In Skagway

Karen Ardiff
KTR Productions in association with Gúna Nua
Arcola Theatre

Kathy Rose O'Brien as T-Belle and Geraldine Alexander as May Credit: Leigh Lothian
Angeline Ball as Frankie and Geraldine Alexander as May Credit: Leigh Lothian
Kathy Rose O'Brien as T-Belle and Natasha Starkey as Nelly Credit: Leigh Lothian
Angeline Ball as Frankie and Geraldine Alexander as May Credit: Leigh Lothian

The port of Skagway, in Alaska, is now a tourist stop for cruise ships but, in the 1890s at the time of the Gold Rush, it was a boom town, the gateway to the Yukon trough which prospectors must pass.

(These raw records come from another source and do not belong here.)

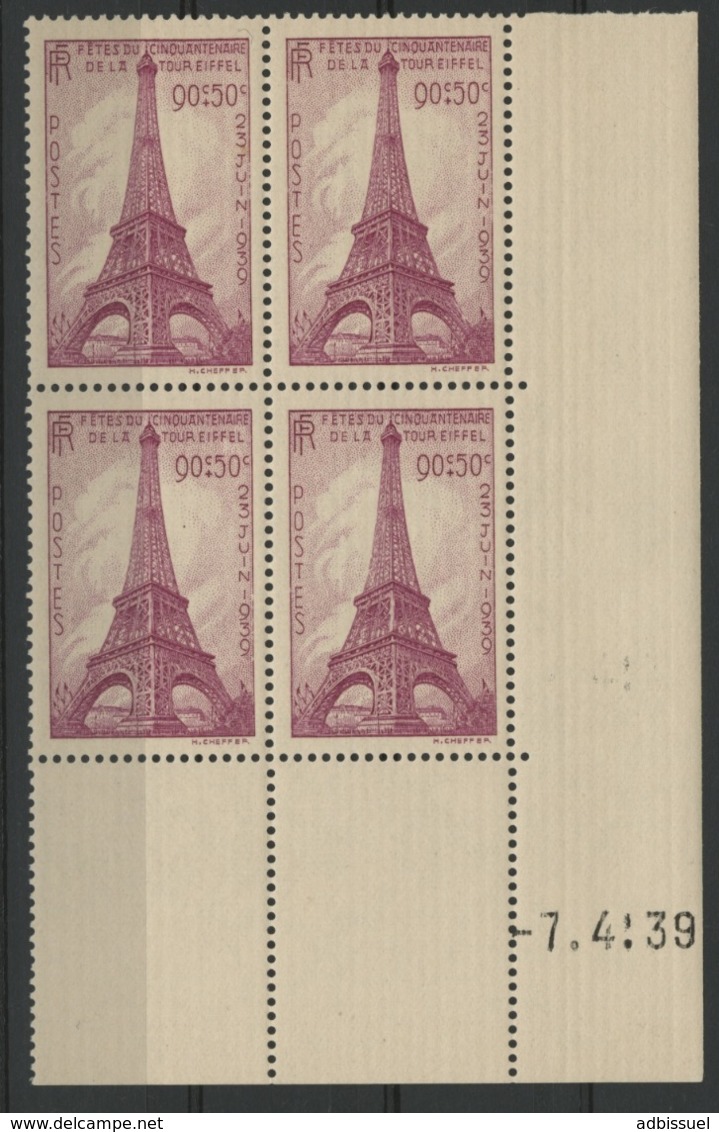 N° 429 Cote 85 €. Coin Daté Du 7/4/39 / Bloc De Quatre "Tour Eiffel". - 1930-1939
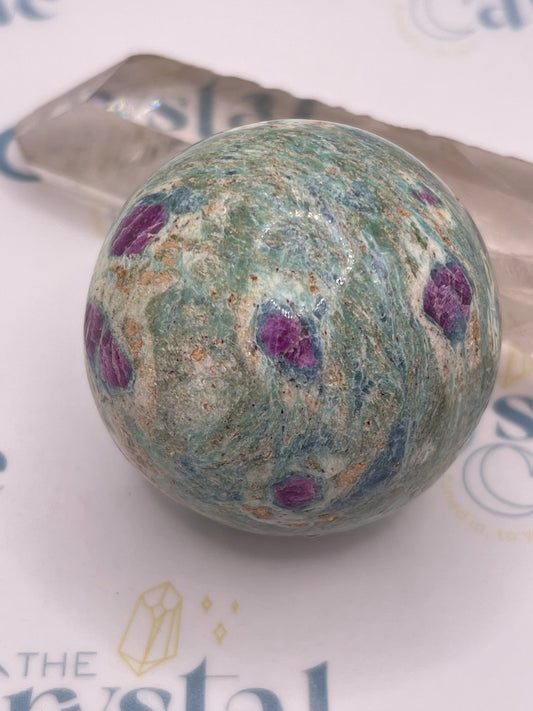 Ruby Fuchsite Spheres with Kyanite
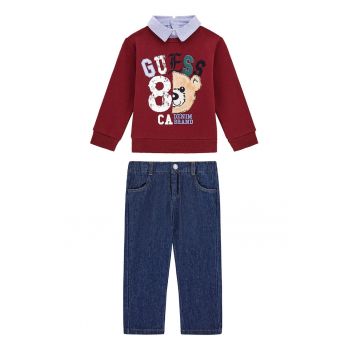Set de bluza de trening cu model 2in1 si blugi cu model uni - 2 piese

The name comes from the word for beautiful woman in the language of the indigenous people, and was linked to a legend about a woman who turned herself to stone. That story seems to be the inspiration for this play, which Karen Ardiff sets there, though there is no reference made to it.

Its central character is Frances Harmon (Angeline Ball), known to her friends as Frankie, a washed-up, aging actress recently stricken by a stroke. She once had some acclaim for the way in which, as Hermione in Shakespeare’s A Winter’s Tale, she was presented as a stone statue that comes to life. Now, largely paralysed, can she come to life again?

She is attended by her seemingly devoted maid and dresser May O’Connell (Geraldine Alexander), an Irish woman with more spirit than intelligence who has convinced herself she will soon recover. T-Belle (Kathy Rose O’Brien), May’s daughter, returns from the pass where she had been prospecting to discover the situation and takes a much more realistic view of things.

On top of Frankie’s stroke, there comes a bigger shock: Frankie has handed over the hoard of gold T-Belle has collected, conned into financing the rebuilding of a theatre where she will perform where she expects to make a killing resurrecting a performance she gave leading the parade that launched the Statue of Liberty.

That is not all that is in store for T-Belle. There is another loss, a strange apotheosis and a final grim satisfaction as the tensions of this odd triangular relationship are exposed and the origins of its interdependence partly explained in flashbacks that may be in Frankie’s mind.

In Skagway, premièred in 2012 in Dublin as The Goddess of Liberty, and won an Irish New Best Play Award and a BBC Radio Drama Award but in this production, directed by Russell Bolam, the speed and muffled accents of the opening scenes smudge how recent the stroke has been and left me wondering why anyone would join the Gold Rush with a woman in a wheelchair—presumably the actress brought the others with the intention of performing.

The openness of Natasha Piper’s setting, with loosely-slatted planks letting light through, looks good but doesn’t feel like somewhere that people arrive on snow shoes and worry about the onset of winter. Though Katherine Williams's lighting and George Dennis’s sound design add to the atmosphere, this seems a theatrical construct and I never quite believed in the place or the characters as people. Natasha Starkey, as Nelly, gets little chance to be more than a stereotype opportunist tart.

When not stiff in her wheelchair, Angeline Ball's Frankie gives the self-image of the diva belied by the liquor flask in her hand but we get only a glimpse of an intriguing back-story and the half-voiced reasons May gives for staying with her only make sense because Geraldine Alexander, probably rightly, makes her dim-witted.

Striking out on her own prospecting and newly experiencing sexual satisfaction, which Kathy Rose O’Brien makes her extol with abandon, T-Belle seems to be at one of life’s turning points but again it is a story that isn’t developed in this ninety-minute one-acter. There is a much better play here waiting to emerge.